The Shower and the Samurai

The pipes drone;
as the cold swords
of Samurai hands line up to fight
when I turn the knob
to let the wet gallop
begin: I am a green mountain

in the shower,
under their feet, I splash
soap to their lips
to make them foam
me with anger,
as the dirt of sleep crumbles
into the canyon.
They plunge

deeper, these little kamikazes,
rushing to rinse
the sweat, soil, and yeast
with their rain-
drop bodies streaming and fat

with clear blood
flooding the tub
and the tombs
of this tiled mausoleum. (Richey [Feb 2003])

In general, her classmates liked this poem more than I did. Anna was a senior, and she had written a number of fine poems before this; in fact, she'd written some of the best poems in the class. I should point out right now that if another student - one who wasn't working at the high level Anna had set for herself - had brought this poem in, I may have been delighted by the poem's playfulness and its ability to find new avenues for the metaphor. So I could see much of what her classmates enjoyed about the poem, but I also felt the poem didn't do enough, didn't explore the possibilities deeply enough. My problem, in the end, wasn't the product so much as the compositional method of the poem. I had seen enough poems by Anna at this point to know the poem was only working on one level, whereas her most successful poems worked on several. This is not the sort of constructive criticism one can give the poem if the workshop focuses solely on issues of prosody. Without changing the goals of composition, the class could only impact the final version of this poem cosmetically. Perhaps the line breaks would change, perhaps the slow opening of the poem would disappear; ultimately, however, the poem would not expand beyond its original boundaries with such criticism. Even if we assume that poetry's role is as much linguistic as it is visionary, one way to improve as a writer and thinker is to push the poem beyond its triggering event, to transcend that initiating experience.

Issues of craft aside, therefore, this poem's shortcomings are rooted in its compositional goals: that is, the poet never pushed the poem beyond its opening idea. The poem felt as if Anna came up with this great metaphor in the shower and wrote it down; therefore, the insight - the lyricism, the experience, the energy - occurs off the page. Rather than being a starting point from which poetry happens, the realisation of the metaphor and its linguistic possibilities (that the rain strikes like little aqua-samurai) becomes the sole goal of the poem. A successful poem ought to move beyond this initial moment: a writer needs to be curious, to explore the self/world by pursuing a poem to its end. This is a little moment of transcendence, but an important one.
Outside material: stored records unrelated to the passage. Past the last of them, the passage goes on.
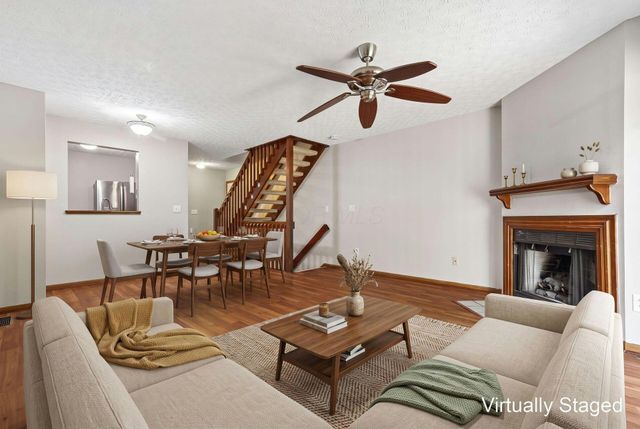 187 Macdougall Lane, Blacklick, OH 43004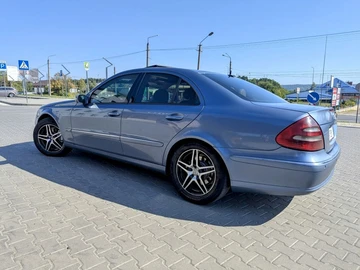 Авто Mercedes 280 2004 № 7998125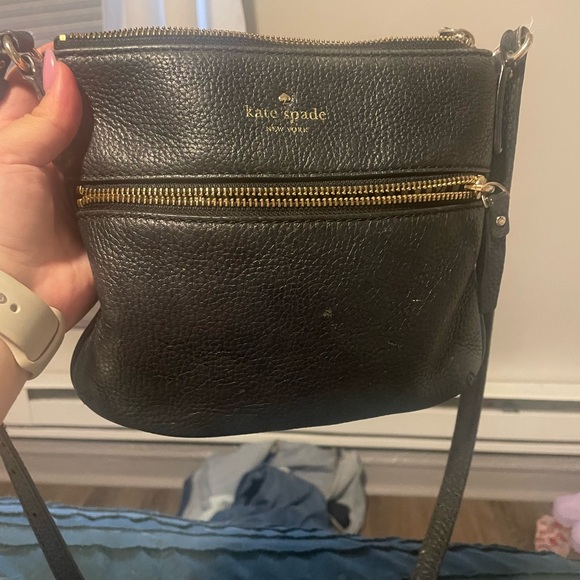 Black Kate Spade Crossbody Purse - Picture 1 of 7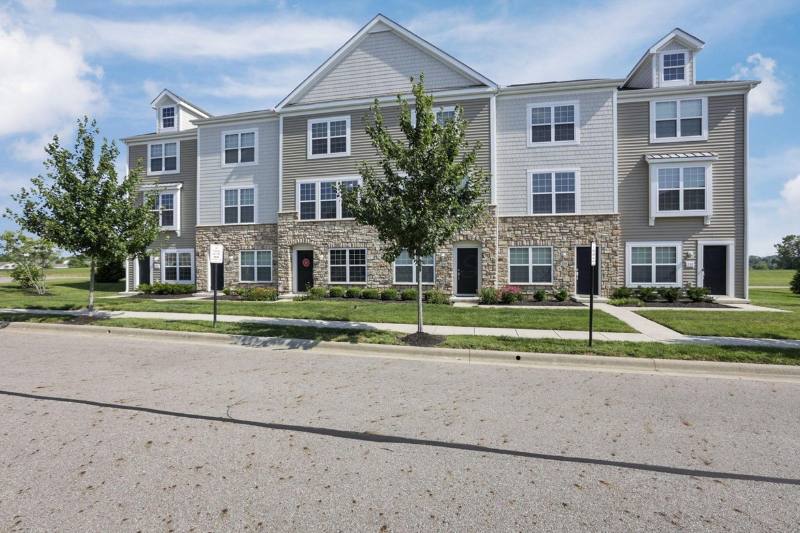Condo for rent at 280 Autumn Ridge Circle, Pickerington, OH 43147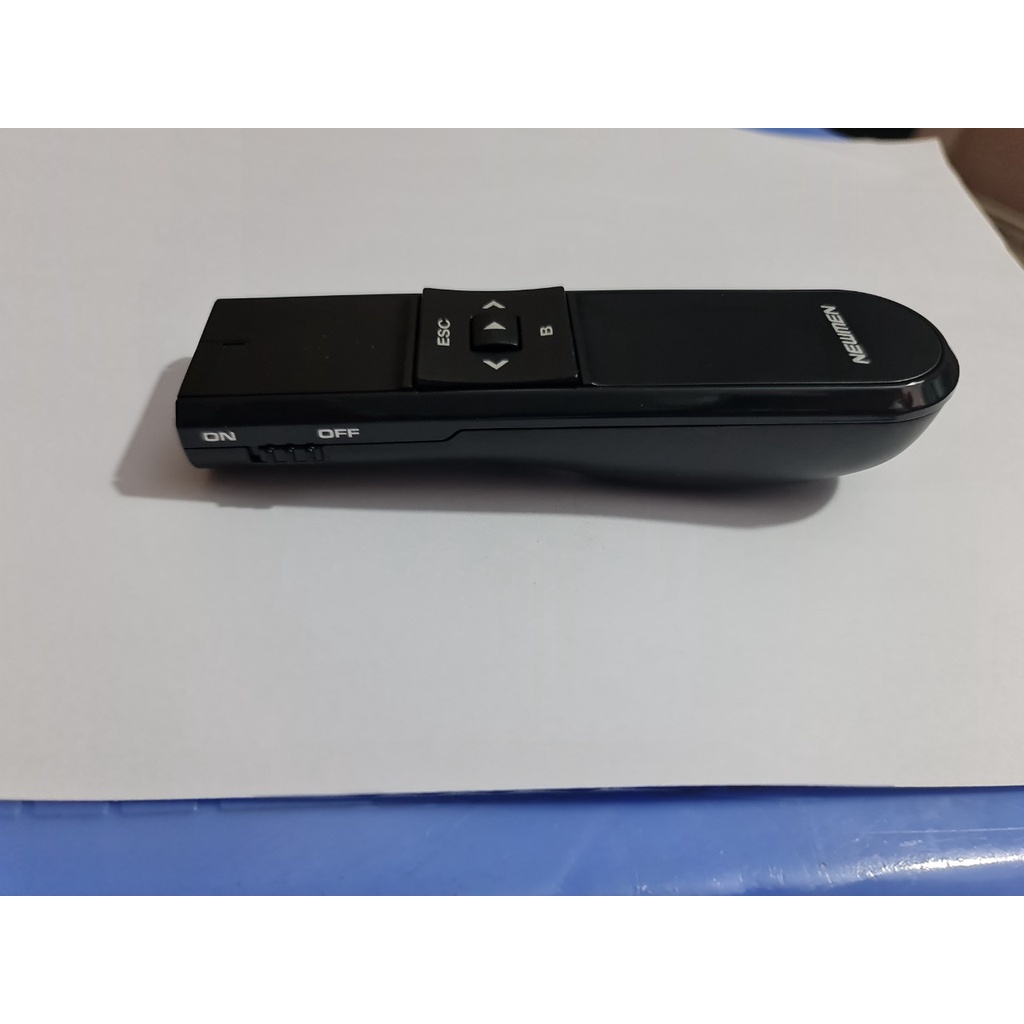 Bút Trình Chiếu Newmen P002  - Hàng Chính Hãng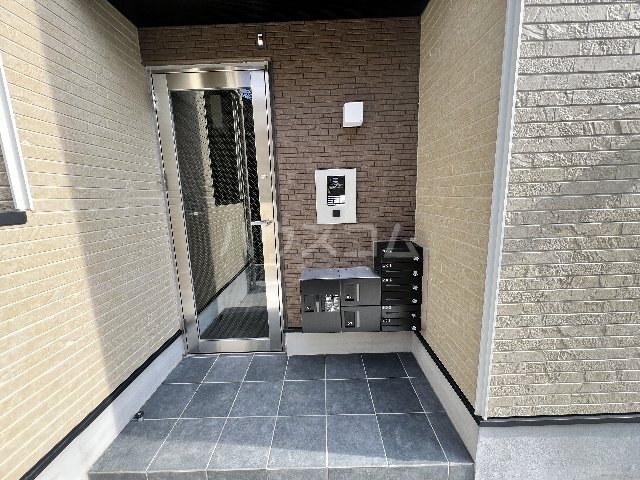 29/30 エントランス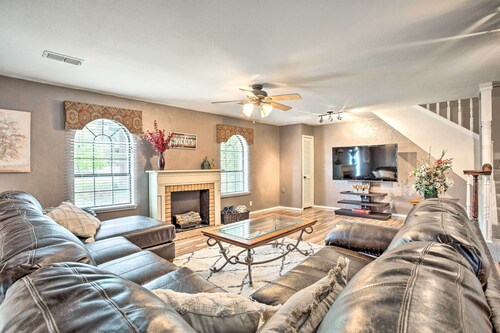 Gainesville Home w/ Outdoor Oasis, 16 Mi to Lake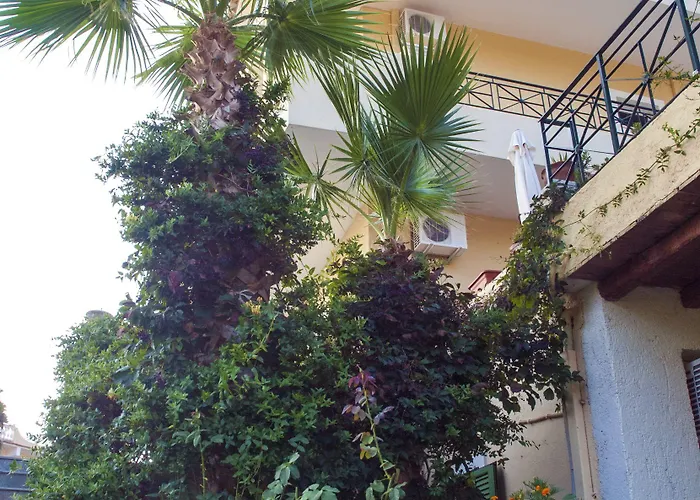 Alonakia Hotel 2*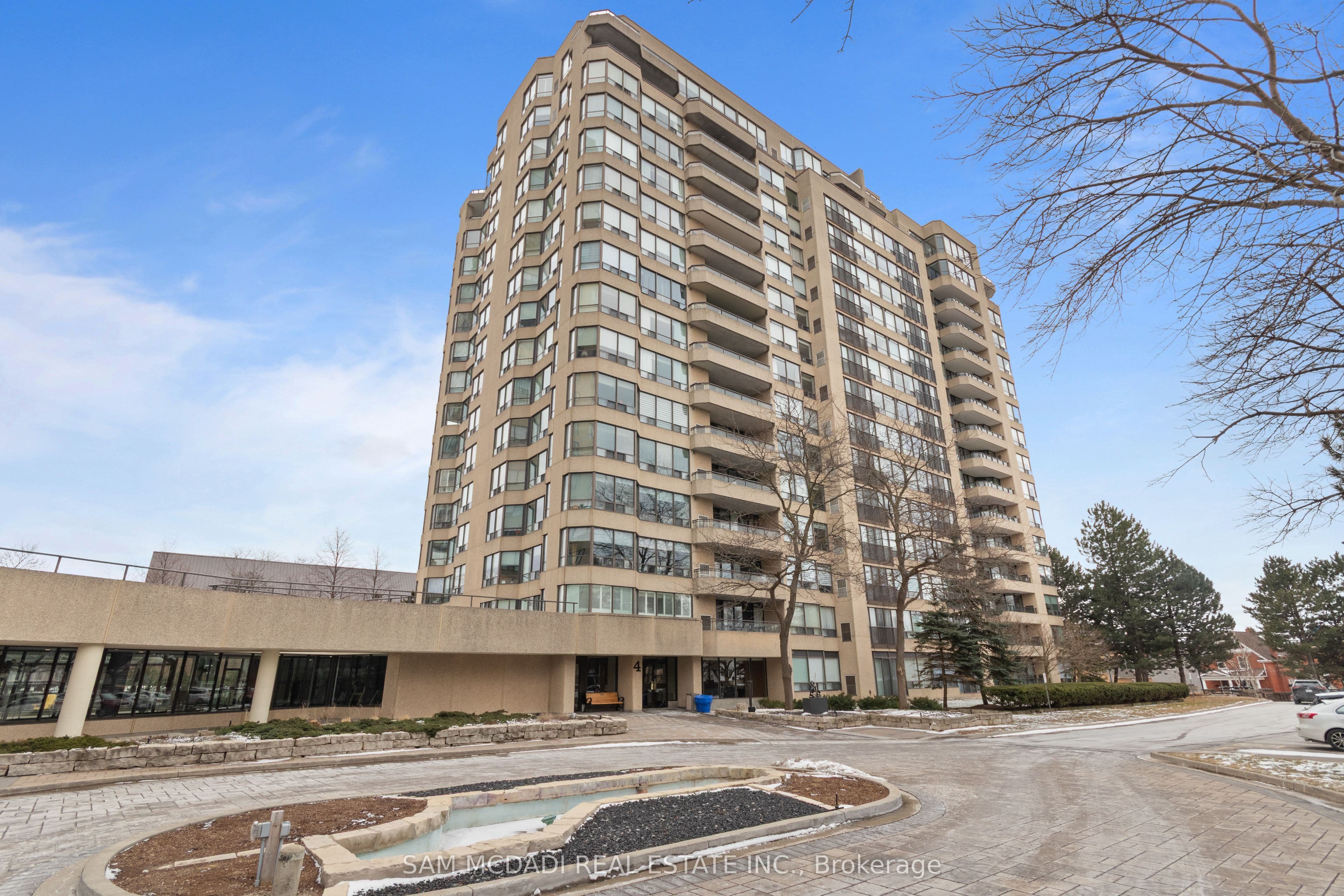 4 Willow Street 807, Waterloo, ON N2J 1V5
Poetry - all art, really - isn't about transcription. It's about exploration. It's spelunking in the caves of the unconscious. Basho's narrow road to the interior is as much a travelogue of the experience of travelling into the self as it is of travelling into Japan - the self is transformed by this travel and the travel is influenced by our rationale for the trip. The best poems reach both inward and outward, and they do this by examining any insight the real world gives to us. I often ask students to keep image journals, and we discuss how the images they choose to focus on from their daily lives - and the language they use to capture those images - seem to reflect their internal landscapes (their moods, emotional sensibilities, etc). This insight is the first clue. Poets are detectives who must pursue the leads where the clue takes them - usually to other clues: images, sounds, rhythms, ideas, language play, memories, fictions. These are the syntactical and cognitive leaps that Bly begs for in his seminal Leaping Poetry. These are the things that make poetry a kind of 'prayer', an attempt, as it were, to connect with what is beyond purely empirical experience.

Art, physics, religion, philosophy - all these things are a possible means for transcendence. They can be a means to a greater end for both the maker and audience. They are ways of delving into the dual realms of the physical and metaphysical. Done fully, such exploration may put the self - as a consciousness - at stake. I do not mean revealing autobiographical facts; one would hope that we are more than the sum of our experiences, and even the so-called confessional poets crafted their sense of autobiography to be more than historical facts; rather, by risking something, I mean exposing the mind as a seeker of the beyond-self through the making/experience of art. Even the descriptive poem begs us to ask - why this item, what fresh insight do we get from re-envisioning this thing through this lens? The question for the writer becomes: what is that something for you as a writer? Whether the poet uses experimental forms or linguistic play, or uses the poem as a contemplative rhetorical device, poetry ought to challenge the self. In the end, if we are to avoid the bogeyman of the 'workshop poem', then we have to ask our students to write beyond the merely anecdotal and finely wrought, but easy, product. Such challenge makes the poem an intimate experience of language for readers. How did writing this poem challenge you? is a question I often ask my students. I might as well be asking: Where's this poem's duende?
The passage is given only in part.